All PET/CT data were analyzed using a commercial software (Syngo.via VB60A, Siemens Medical Solutions, Erlangen, Germany) by two experienced nuclear physicians (HJY and BSK) and were averaged. The maximum standardized uptake value (SUVmax) of primary tumor (SUVtumor) was measured by delineating a volume of interest (VOI) using automated features within the commercial software mentioned earlier.

The SUVmax for the spleen (SUVspleen) were measured by manual placing of spherical VOI at the center of the spleen, corresponding to the largest anterior-posterior diameter observed in the axial image28. To validate the method of spleen SUV measurement, inter-rater variability was assessed.

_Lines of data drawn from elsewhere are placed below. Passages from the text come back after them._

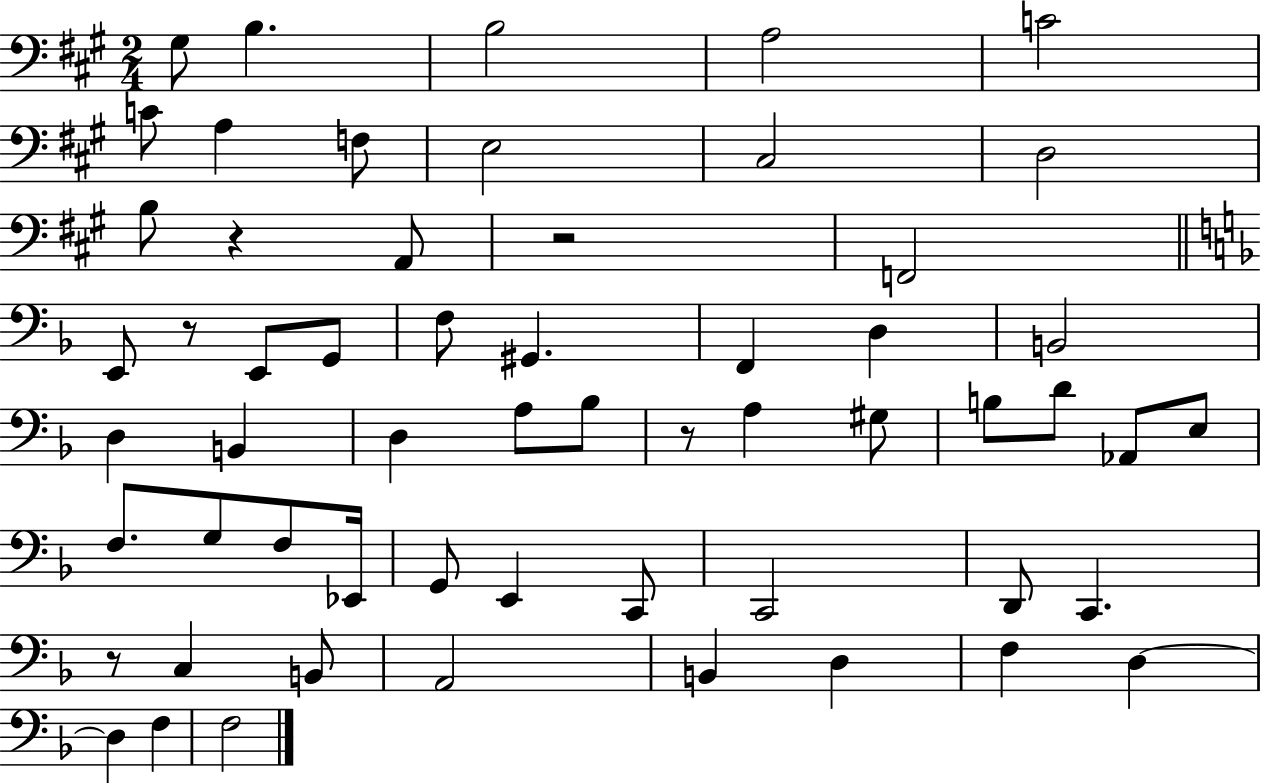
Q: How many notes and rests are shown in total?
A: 58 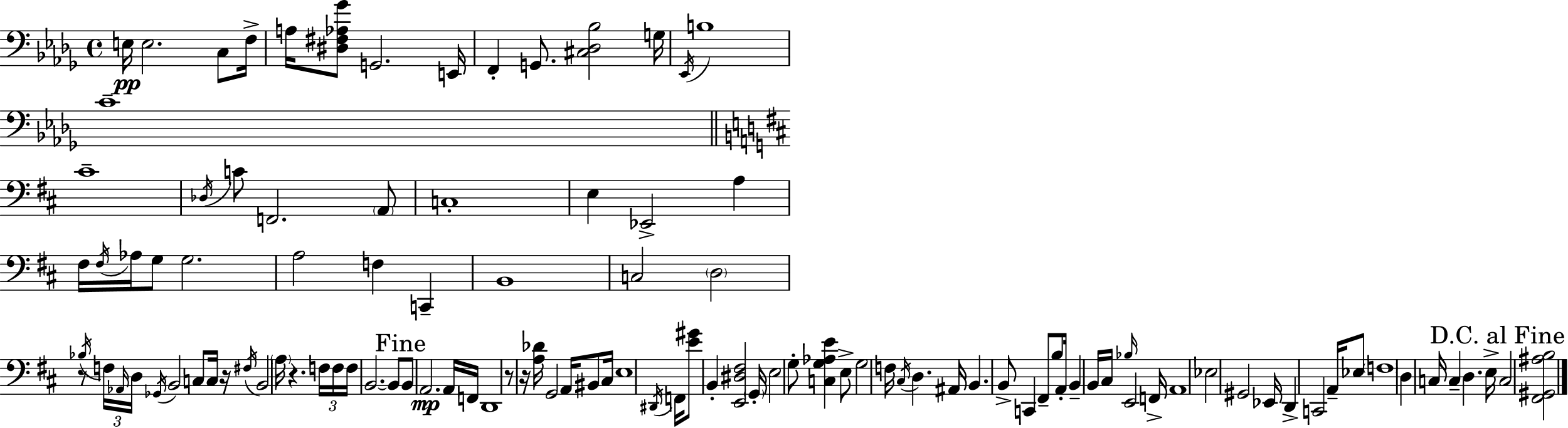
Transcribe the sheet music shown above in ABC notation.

X:1
T:Untitled
M:4/4
L:1/4
K:Bbm
E,/4 E,2 C,/2 F,/4 A,/4 [^D,^F,_A,_G]/2 G,,2 E,,/4 F,, G,,/2 [^C,_D,_B,]2 G,/4 _E,,/4 B,4 C4 ^C4 _D,/4 C/2 F,,2 A,,/2 C,4 E, _E,,2 A, ^F,/4 ^F,/4 _A,/4 G,/2 G,2 A,2 F, C,, B,,4 C,2 D,2 z/2 _B,/4 F,/4 _A,,/4 D,/4 _G,,/4 B,,2 C,/2 C,/4 z/4 ^F,/4 B,,2 A,/4 z F,/4 F,/4 F,/4 B,,2 B,,/2 B,,/2 A,,2 A,,/4 F,,/4 D,,4 z/2 z/4 [A,_D]/4 G,,2 A,,/4 ^B,,/2 ^C,/4 E,4 ^D,,/4 F,,/4 [E^G]/2 B,, [E,,^D,^F,]2 G,,/4 E,2 G,/2 [C,G,_A,E] E,/2 G,2 F,/4 ^C,/4 D, ^A,,/4 B,, B,,/2 C,, ^F,,/2 B,/2 A,,/4 B,, B,,/4 ^C,/4 _B,/4 E,,2 F,,/4 A,,4 _E,2 ^G,,2 _E,,/4 D,, C,,2 A,,/4 _E,/2 F,4 D, C,/4 C, D, E,/4 C,2 [^F,,^G,,^A,B,]2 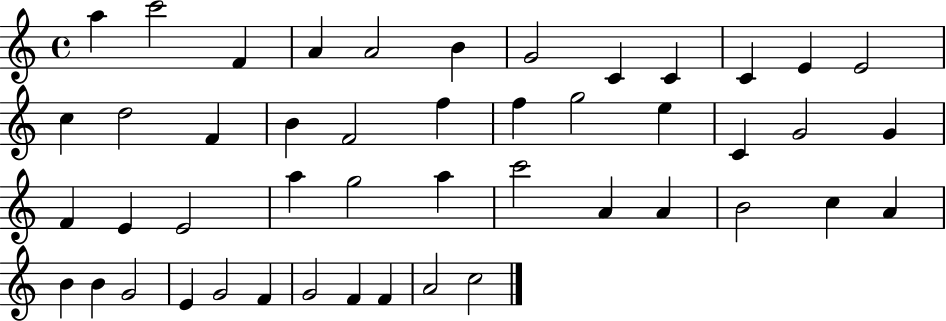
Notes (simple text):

A5/q C6/h F4/q A4/q A4/h B4/q G4/h C4/q C4/q C4/q E4/q E4/h C5/q D5/h F4/q B4/q F4/h F5/q F5/q G5/h E5/q C4/q G4/h G4/q F4/q E4/q E4/h A5/q G5/h A5/q C6/h A4/q A4/q B4/h C5/q A4/q B4/q B4/q G4/h E4/q G4/h F4/q G4/h F4/q F4/q A4/h C5/h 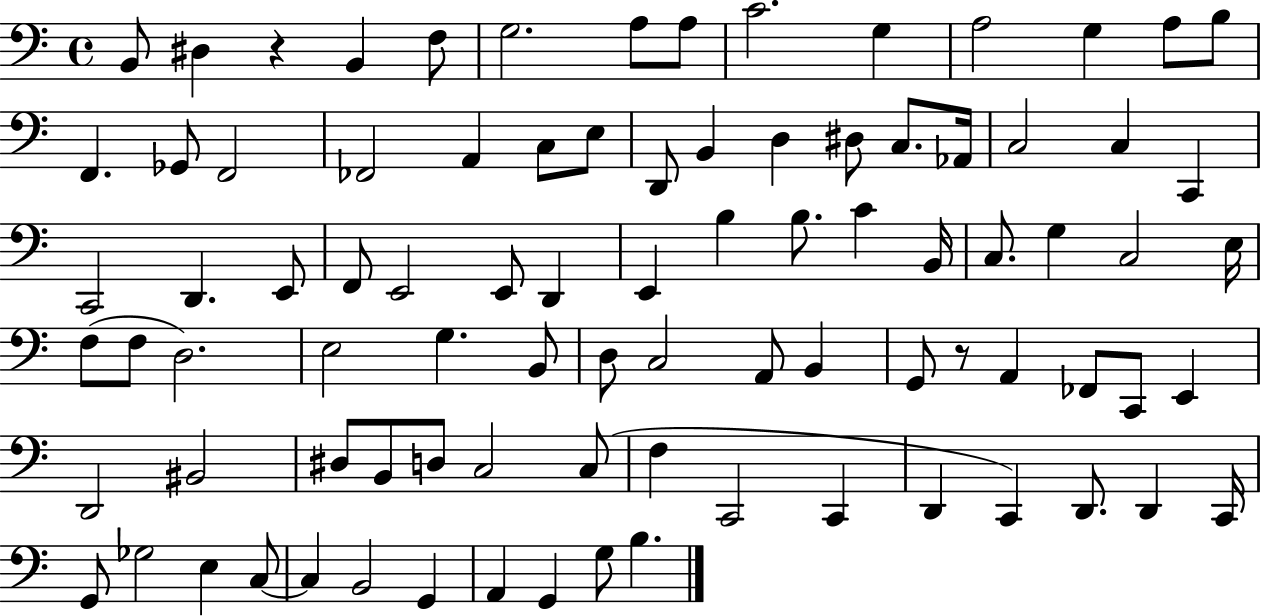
X:1
T:Untitled
M:4/4
L:1/4
K:C
B,,/2 ^D, z B,, F,/2 G,2 A,/2 A,/2 C2 G, A,2 G, A,/2 B,/2 F,, _G,,/2 F,,2 _F,,2 A,, C,/2 E,/2 D,,/2 B,, D, ^D,/2 C,/2 _A,,/4 C,2 C, C,, C,,2 D,, E,,/2 F,,/2 E,,2 E,,/2 D,, E,, B, B,/2 C B,,/4 C,/2 G, C,2 E,/4 F,/2 F,/2 D,2 E,2 G, B,,/2 D,/2 C,2 A,,/2 B,, G,,/2 z/2 A,, _F,,/2 C,,/2 E,, D,,2 ^B,,2 ^D,/2 B,,/2 D,/2 C,2 C,/2 F, C,,2 C,, D,, C,, D,,/2 D,, C,,/4 G,,/2 _G,2 E, C,/2 C, B,,2 G,, A,, G,, G,/2 B,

The assessment of VAT metabolic activity using FDG PET starts by identifying VAT regions on CT images, defined by Hounsfield units ranging from − 110 to −70HU, corresponding to human adipose tissue density13. A multi-slice approach is employed for Region of Interest (ROI) placement, selecting three consecutive slices in the abdominal VAT area and placing two-dimensional ROIs on each. Accuracy is ensured by carefully adjusting ROI placement to exclude non-VAT uptake, achieved through simultaneous review of PET and CT slices. This process minimizes potential spillover effects from neighboring tissues, such as physiological FDG uptake in the bowel. The SUVmax is calculated for each ROI, and an average SUV across the multiple ROIs is determined, providing a representative measure of SUVVAT.

Statistical analysis

Basic statistical analyses were performed using two commercial software programs (version 26.0, IBM SPSS Statistics, Armonk, NY, USA; Rex 3.6.0, Rexsoft, Seoul, Korea). All statistical tests were 2-sided with a significance threshold of P < 0.05.

The Kaplan-Meier survival curve was generated to estimate cumulative DFS rates. All continuous variables in survival analysis were dichotomized by specific cutoff values, which were resulted by the receiver operating characteristic (ROC) analysis. Survival curves were compared with the log-rank test. To determine whether the combination of independent parameters have the potential to predict recurrence, ROC curve and the area under the ROC curve (AUC) were calculated. Multivariable logistic regression models based on parameters with significant group differences were built in a stepwise manner to combine different types of markers. The ROC curves were compared with Bootstrap method.